About once a week for the past three years, 52-year-old Anita Singleton from Slidell, Louisiana would head out at 4:30 am for her 7:00 am shift, not minding the discomfort that must come with walking many miles.



According to WWL, however, Singleton does not believe that is enough excuse to not show up at the work she loves.

"We share a bit of ourselves with each other, and that is a blessing," Singleton said of her workplace. "You cannot put a price tag on that."

Earlier this week, the Walmart cashier had a chance encounter while on her usual walk.



Slidell Police Officer Bradley Peck was wrapping up his shift in the early hours of the morning when he came across Singleton on a narrow bridge.

Narrating his encounter on the department’s Facebook page, Peck recalled being worried for Singleton’s safety and getting worried when she told him where she was headed.

“I said mam, that's a really long walk, jump in, and I'll give you a ride,” Peck wrote.



As it turned out, Singleton and the officer had quite the ride, talking about everything from faith to family. “We talked the entire way about everything from faith to work ethic to how she was raised, how I was raised,” Peck told WWL.

In his Facebook post, the kind officer further revealed:

“‘I thank God everyday when I put my key in the door’ she told me. ‘So I have to keep going to work no matter what.’ …She told me when she can't get a ride she has to do what she has to do.

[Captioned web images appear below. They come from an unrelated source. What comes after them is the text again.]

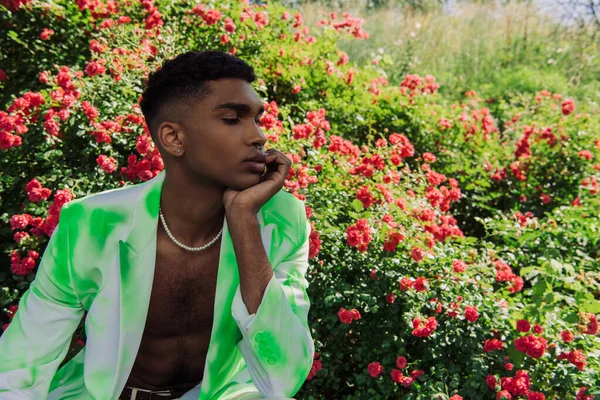 African american man in fashionable blazer sitting with hand near face in park — стоковое фото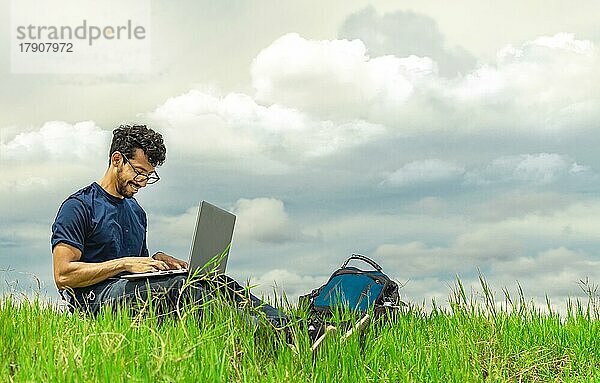 Lächelnd Freiberufler Mann sitzt mit Laptop und Rucksack im Feld. Porträt eines Mannes sitzt auf dem Gras des Feldes arbeiten mit seinem Laptop. Freelancer Mann Konzept arbeiten aus dem Feld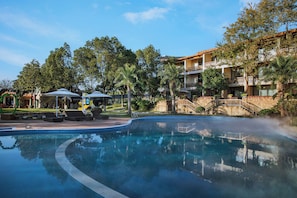 Una piscina amb gandules i ombrel·les, envoltada d'arbres i un edifici amb balcons.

We shook hands and she went into work. That brief moment of me getting to spend some time with her made my day so much better. I don't think she knows how much hope she gave me and valuable life lesson she taught me.”



Singleton’s story went viral in no time, prompting coworkers to step in and offer her rides whenever she needed it.

But that was only the beginning.

Singleton’s inspiring story reached Matt Bowers, the owner of a Chevrolet Dealership, who then tweeted: “If someone can track this lady down, I will give her something to drive."



“I’m a car dealer, and I made the decision that the right thing to do for the community was to give Anita Singleton a car,” Bowers added, according to "The Advocate."

An oblivious Singleton was then led to the car dealership on Wednesday afternoon. There, Bowers presented her with two options: a white Chevrolet Captiva and a dark red Traverse.


Still recovering from the pleasant surprise, Singleton chose the white Captiva and although she’ll have to get used to driving again, already has plans to “go on a Honey Island swamp tour.”

Singleton will also not be paying a dime on her car, as Bowers promised to cover insurance, taxes, and registration on the vehicle as long as she owns it.